Additional Information and Where to Find It

In connection with the Proposed Transaction, Crown Castle has filed with the SEC a Registration Statement on Form S-4 containing a definitive Joint Proxy Statement/Prospectus. INVESTORS AND SECURITY HOLDERS OF CROWN CASTLE AND GLOBAL SIGNAL ARE URGED TO READ THE REGISTRATION STATEMENT AND ANY OTHER RELEVANT DOCUMENTS FILED WITH THE SEC, INCLUDING THE DEFINITIVE JOINT PROXY STATEMENT/PROSPECTUS THAT IS A PART OF THE REGISTRATION STATEMENT, BECAUSE THEY CONTAIN OR WILL CONTAIN IMPORTANT INFORMATION ABOUT CROWN CASTLE, GLOBAL SIGNAL, THE PROPOSED TRANSACTION AND RELATED MATTERS. Investors and security holders of Crown Castle and Global Signal are able to obtain copies of the Registration Statement and the definitive Joint Proxy Statement/Prospectus as well as other filings with the SEC incorporated by reference into such documents, containing information about Crown Castle and Global Signal, without charge, at the SEC’s website at http://www.sec.gov. These documents may also be obtained for free from Crown Castle by directing a request to Crown Castle International Corp., Investor Relations, 510 Bering Drive, Suite 600, Houston, Texas 77057 or for free from Global Signal by directing a request to Global Signal Inc. at 301 North Cattlemen Road, Suite 300, Sarasota, Florida 34232-6427, Attention: Secretary.

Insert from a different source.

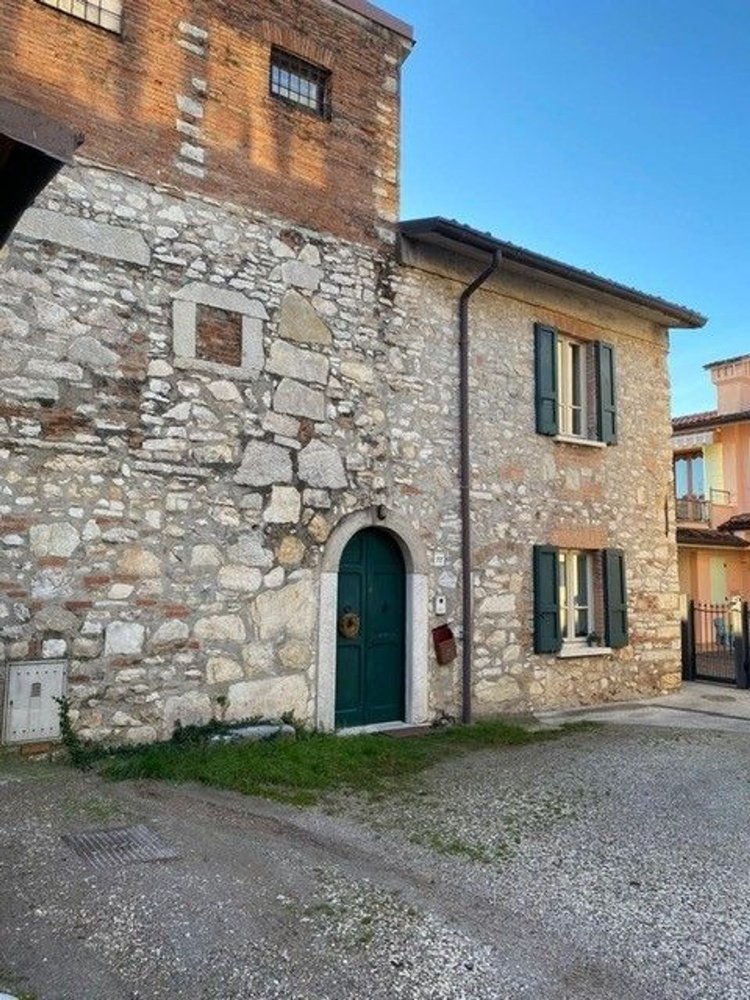 7-Zimmer Haus in Botticino, Italy, Nr. 85407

Participants in the Solicitation

Crown Castle, Global Signal and their respective directors and executive officers and other members of management may be deemed to be participants in the solicitation of proxies from the security holders of Crown Castle or Global Signal in connection with the Proposed Transaction. Information regarding Crown Castle’s directors and executive officers is available in Crown Castle’s Annual Report on Form 10-K for the year ended December 31, 2005, and the proxy statement, dated April 11, 2006, for its 2006 annual meeting of stockholders, which are filed with the SEC. Information regarding Global Signal’s directors and executive officers is available in Global Signal’s Annual Report on Form 10-K for the year ended December 31, 2005 and the proxy statement, dated April 12, 2006, for its 2006 annual meeting of stockholders, which are filed with the SEC. Additional information regarding the interests of such directors and executive officers is included in the Registration Statement containing the definitive Joint Proxy Statement/Prospectus filed with the SEC.